In her essay, “The Sound of Silencing in American Academe,” Hirsch points out that the MLA’s recent resolution has been mischaracterized and was not a call for a boycott as some have suggested but rather “concerned restrictions on the freedom of travel for American students and faculty members of Palestinian descent to universities in the West Bank. Those restrictions are documented on the U.S. State Department website, and the resolution asked the MLA to urge the State Department to ‘contest’ them.”
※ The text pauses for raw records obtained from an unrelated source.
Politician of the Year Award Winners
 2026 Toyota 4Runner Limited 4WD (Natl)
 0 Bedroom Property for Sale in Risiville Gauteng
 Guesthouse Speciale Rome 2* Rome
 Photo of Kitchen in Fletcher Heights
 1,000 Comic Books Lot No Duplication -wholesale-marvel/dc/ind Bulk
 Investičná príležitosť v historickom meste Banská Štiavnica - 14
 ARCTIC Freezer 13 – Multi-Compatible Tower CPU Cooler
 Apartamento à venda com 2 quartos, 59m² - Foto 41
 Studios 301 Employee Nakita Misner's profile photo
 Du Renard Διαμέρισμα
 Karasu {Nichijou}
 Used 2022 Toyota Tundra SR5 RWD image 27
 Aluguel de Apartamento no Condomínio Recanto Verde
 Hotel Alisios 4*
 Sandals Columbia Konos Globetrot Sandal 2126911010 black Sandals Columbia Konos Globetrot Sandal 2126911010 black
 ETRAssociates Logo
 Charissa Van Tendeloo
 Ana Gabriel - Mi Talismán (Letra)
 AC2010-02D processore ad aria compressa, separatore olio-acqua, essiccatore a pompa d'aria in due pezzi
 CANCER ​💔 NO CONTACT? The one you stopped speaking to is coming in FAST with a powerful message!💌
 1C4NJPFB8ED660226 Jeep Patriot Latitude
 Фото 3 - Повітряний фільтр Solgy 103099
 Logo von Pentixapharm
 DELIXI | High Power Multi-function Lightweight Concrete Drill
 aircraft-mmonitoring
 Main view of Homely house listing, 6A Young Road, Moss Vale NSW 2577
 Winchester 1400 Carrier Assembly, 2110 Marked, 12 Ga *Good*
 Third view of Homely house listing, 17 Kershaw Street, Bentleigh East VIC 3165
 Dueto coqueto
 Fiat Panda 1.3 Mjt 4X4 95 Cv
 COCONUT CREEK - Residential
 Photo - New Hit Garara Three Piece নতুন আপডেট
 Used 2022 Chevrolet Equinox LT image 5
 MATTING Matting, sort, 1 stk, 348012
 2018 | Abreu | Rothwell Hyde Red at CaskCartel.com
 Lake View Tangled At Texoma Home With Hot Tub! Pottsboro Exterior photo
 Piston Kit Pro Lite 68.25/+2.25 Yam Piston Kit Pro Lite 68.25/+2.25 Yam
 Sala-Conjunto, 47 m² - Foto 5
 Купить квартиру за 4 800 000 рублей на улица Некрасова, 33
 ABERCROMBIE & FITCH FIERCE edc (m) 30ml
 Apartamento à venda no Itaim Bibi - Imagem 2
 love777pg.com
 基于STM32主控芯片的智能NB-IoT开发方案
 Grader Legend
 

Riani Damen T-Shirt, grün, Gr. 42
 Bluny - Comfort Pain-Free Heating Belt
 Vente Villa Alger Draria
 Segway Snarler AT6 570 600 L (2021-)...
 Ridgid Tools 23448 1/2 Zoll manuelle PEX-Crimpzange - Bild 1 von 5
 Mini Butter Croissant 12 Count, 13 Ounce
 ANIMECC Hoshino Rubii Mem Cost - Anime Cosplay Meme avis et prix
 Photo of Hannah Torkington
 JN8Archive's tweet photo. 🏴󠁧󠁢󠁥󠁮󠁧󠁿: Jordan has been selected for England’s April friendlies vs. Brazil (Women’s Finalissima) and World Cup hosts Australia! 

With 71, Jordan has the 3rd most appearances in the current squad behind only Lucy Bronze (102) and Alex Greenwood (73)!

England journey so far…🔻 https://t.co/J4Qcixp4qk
Even before the discussion on the resolution at the recent MLA conference, Hirsch, who is the organization’s president, was subject to intimidation and received several e-mails and messages from American Jewish groups and others who (incorrectly) framed the MLA resolution as a boycott of Israel. These critics accused the MLA of being anti-Semitic and anti-Israel, even going so far as to evoke the Nazis in their criticism of the organization. As Hirsch points out, this kind of hyperbole, which comes from both supporters and critics of Israel’s policy on Palestine, does little to advance the debate. Hirsch writes:
When it comes to the topic of Israel and Palestine, discussion is curtailed before it begins. In a debate that is structured to allow only two clear-cut sides, words lose their meaning.
Hirsch argues that in such an environment, words like “boycott” become especially inflammatory and their meaning becomes distorted. It is just this type of distortion, Hirsch argues, in which an organization like the MLA can actually help to further such a political debate. In the conclusion to her essay, she explains:
Many people have questioned the MLA’s right to intervene in politics. But isn’t it precisely our linguistic expertise that could help sort out the irreconcilable meanings of words, their irresponsible deployment, and the practices of silencing that ensue?
To create the space for the difficult conversations we need to have now and in the future, we must get beyond the silences imposed in the name of academic freedom. We need our academic leaders, our university presidents, not to condemn our scholarly associations, but rather to protect our right to have and to sponsor those important conversations free from harassment campaigns and pre-emptive threats.